Iris Berben and Katharina Schüttler in Susanne Schneider’s The Day Will Come (Es kommt der Tag)

Five days back in the bitter chill of London and Greece is already beginning to seem like a distant memory. Nevertheless, I still have a couple more films I want to revisit from Thessaloniki before moving onto other things. One of the things about festivals is that, after a number of days of rapacious film-viewing, you begin to notice certain themes or trends emerging in your habits. By the end of the first weekend, I’d realised that over half the films I’d watched were from German directors, mainly due to the choice of Fatih Akin’s multi-cultural comedy Soup Kitchen as the opening night screening and the exhaustive Werner Herzog retrospective. The first Herzog film I caught which I hadn’t seen before, the hypnotic 1989 TV documentary Wodaabe: Herdsmen of the Sun also highlighted another trend at the festival, which was the number of films either set or made in Africa. The Egyptian film Heliopolis I looked at in some length in my last posting, but there was also Sherry Horman’s Desert Flower, based on the best-selling memoirs of Somali supermodel Waris Dirie, the Belgian/French co-production of The Day God Walked Away (Le jour où Dieu est parti en voyage) directed by Philippe Van Leeuw, whose portrait of a young woman caught in the midst of the 1994 Rwandan genocide earned Ruth Nirere the best actress trophy, and Chasing Moses, a well-meaning but otherwise truly execrable offering set in Nairobi from local boy Alexandros Konstantaras – I don’t want to be too cruel as I understand the director’s motives for this amateurish camcorder atrocity was to give Kenyans a chance to star and participate in the making of a feature, but really, this was not film festival material, and to be honest, there are filmmakers in Kenya already making far superior works to this (for example, Michael Wanguhu’s excellent documentary on the new Kenyan hip-hop scene, Hip Hop Colony from 2006).

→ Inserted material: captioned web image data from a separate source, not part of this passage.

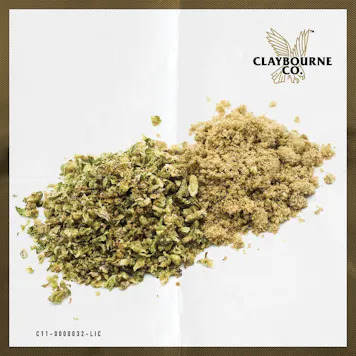 Photo of Power Stack GMO x Ice Cream Cake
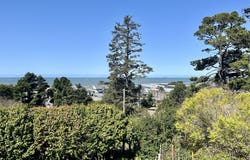29333 JOHNSON LN, Gold Beach, OR 97444
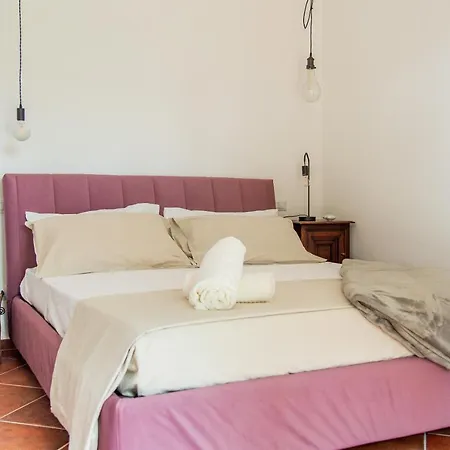 Orta - Con Cucina Vegan, Plant-based *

Anyway, back to Germany, a country that seems to be coming out with a lot of really interesting stuff at the moment. Susanne Schneider’s The Day Will Come (Es kommt der Tag), actually a co-production with France, also highlighted another trend in the festival, films about terrorists, also the subject of Koji Wakamatsu’s docudrama United Red Army and Filipino director John Torres’ experimental (and somewhat self-indulgent) montage of observational footage shot in Manila and Berlin, Todo Todo Teros (2006), screened as part of the Philippines Rising section. Schneider’s film bears little relation to either of these aforementioned titles, neither concerned with reconstructing the facts of true-life events like Wakamatsu’s recent masterpiece or fellow-German Uli Edel’s slickly superficial and quite unsatisfying The Baader Meinhof Complex from last year, nor a more conceptual examination of what is meant by the word ‘terrorism’ as Torres’ film. Instead it’s a character study, centred around a proud middle-aged woman, Judith, whose radical activities in the 1970s forced her to disappear off to France where she has now forged a new life living on a family-owned vineyard in the Alsace region with a French husband and son and daughter. When her daughter, Alice, abandoned as a child when Judith went underground to avoid police capture, turns up on their doorstep incognito, she is forced to confront her past.

An awkward family gathering in The Day Will Come.

An awkward family gathering in The Day Will Come.

I have to admit, I didn’t go into The Day Will Come with the highest of expectations, probably in part due to the rather unmemorable title, which had me referring to it as “that German film” whenever it came up in conversation during the rest of the week. The film isn’t interested in detailing the true-life activities of the German red movement of the 1970s, and starts off slowly. Just as it picks up and we’re geared into expecting a very European style of psychological suspense thriller in the vein of, say, Francois Ozon’s Swimming Pool, the film suddenly moves into more interesting territory as it lays open its themes of guilt, self-justification and inter-generational conflict, with a standout scene where Judith’s aged bon-vivant in-laws turn up unexpectedly for a family lunch in which Alice threatens to expose her estranged mother’s skeletons in the closet constantly threatening to career off into Mike Leigh levels of catastrophic awkwardness.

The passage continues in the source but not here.